Migrate from SSD to highly available monolithic deployment

This guide provides instructions for migrating from a simple scalable deployment (SSD) to a highly available (HA) monolithic deployment of Loki. Before starting the migration, make sure you have read the planning section.

{{< admonition type="warning" >}} Simple Scalable Deployment (SSD) mode is being deprecated and will be removed with the Loki 4.0 release. You should plan to migrate from SSD to microservices or HA monolithic deployment. You will not be able to run Loki 4.0 in SSD mode. {{< /admonition >}}

{{< admonition type="note" >}} This guide assumes a Docker compose setup with NGINX as gateway. However, the migration process can be mirrored for other deployment methods (Helm, Tanka, etc.) as well. {{< /admonition >}}

Planning your migration

Migrating from a simple scalable deployment to a HA monolithic deployment with zero downtime is possible but requires careful planning.
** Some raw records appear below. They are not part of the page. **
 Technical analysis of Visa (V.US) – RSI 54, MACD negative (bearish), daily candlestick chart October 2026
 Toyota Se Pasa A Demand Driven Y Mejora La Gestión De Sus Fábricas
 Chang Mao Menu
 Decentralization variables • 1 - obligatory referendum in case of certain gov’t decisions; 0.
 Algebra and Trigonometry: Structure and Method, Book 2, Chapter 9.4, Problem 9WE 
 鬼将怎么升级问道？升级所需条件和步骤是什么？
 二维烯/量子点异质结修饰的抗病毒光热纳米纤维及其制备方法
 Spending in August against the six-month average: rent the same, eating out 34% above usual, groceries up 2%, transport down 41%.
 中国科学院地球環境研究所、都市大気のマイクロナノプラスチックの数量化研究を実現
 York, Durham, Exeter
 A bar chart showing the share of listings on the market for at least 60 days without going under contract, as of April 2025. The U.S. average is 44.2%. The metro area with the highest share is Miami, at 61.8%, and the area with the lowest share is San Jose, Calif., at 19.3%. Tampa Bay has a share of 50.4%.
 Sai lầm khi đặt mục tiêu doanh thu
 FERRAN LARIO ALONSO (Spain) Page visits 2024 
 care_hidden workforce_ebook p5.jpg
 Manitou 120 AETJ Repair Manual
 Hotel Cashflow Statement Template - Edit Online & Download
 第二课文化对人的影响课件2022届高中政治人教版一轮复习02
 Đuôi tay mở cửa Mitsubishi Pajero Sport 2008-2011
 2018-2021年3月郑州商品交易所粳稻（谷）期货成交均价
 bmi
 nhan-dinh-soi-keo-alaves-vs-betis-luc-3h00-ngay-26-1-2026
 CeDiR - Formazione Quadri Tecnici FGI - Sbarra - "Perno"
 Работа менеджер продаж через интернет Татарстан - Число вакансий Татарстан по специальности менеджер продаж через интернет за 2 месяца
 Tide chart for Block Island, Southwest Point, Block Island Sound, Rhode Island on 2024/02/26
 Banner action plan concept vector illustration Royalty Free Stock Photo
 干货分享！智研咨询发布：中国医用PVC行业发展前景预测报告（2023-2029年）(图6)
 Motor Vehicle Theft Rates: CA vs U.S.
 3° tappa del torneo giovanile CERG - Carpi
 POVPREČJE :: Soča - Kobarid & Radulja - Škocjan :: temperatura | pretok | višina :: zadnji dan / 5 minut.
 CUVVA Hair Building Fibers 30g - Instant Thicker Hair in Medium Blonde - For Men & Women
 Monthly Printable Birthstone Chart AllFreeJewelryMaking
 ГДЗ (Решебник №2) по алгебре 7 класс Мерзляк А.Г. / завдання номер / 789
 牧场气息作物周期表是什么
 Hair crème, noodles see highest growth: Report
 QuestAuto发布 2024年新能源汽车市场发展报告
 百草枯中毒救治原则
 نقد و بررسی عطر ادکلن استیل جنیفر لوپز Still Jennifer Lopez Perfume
The following considerations should be taken into account:

Data: No changes are required to your underlying data storage. Both SSD and HA monolithic require object storage for chunks and indexes (TSDB Shipper). Cloud Service Providers usually have guarantees around data availability. Although data loss or corruption is unlikely, it is always recommended to back up your data before starting the migration process. If you are using a cloud provider you can take a snapshot/backup.
Compute Resources: While SSD has 3 different components and each has their own shape in term of CPU and memory consumption, HA monolithic only has a single component that processes both writes, reads, and auxiliary operations. Therefore the shape of compute nodes running Loki instances differ from SSD. Make sure you have sufficient headroom to scale both horizontally and vertically if needed.
Configuration: We do not account for all configuration parameters in this guide. We only cover the parameters that need to be changed. Other parameters can remain the same.

Does HA monolithic deployment fit my purpose?

	HA Monolithic
Durability	✅
High availability	✅
Separation of execution paths	❌
Operational complexity	🟧 medium
Scalability	🟧 medium

Stage 1: Preparing existing deployment

Before beginning the actual migration you want to check your existing deployment.

Set ingester.wal.flush_on_shutdown: true to make sure that chunks are written and uploaded to object storage when ingesters shut down.
Set memberlist.cluster_label: <your-unique-cluster-name> and memberlist.cluster_label_verification_disabled: false in your existing deployment.
Set ingester.lifecycler.unregister_on_shutdown: true so that after final shutdown ingesters leave the ring immediately.
Restart your existing deployment to ensure configuration changes take effect.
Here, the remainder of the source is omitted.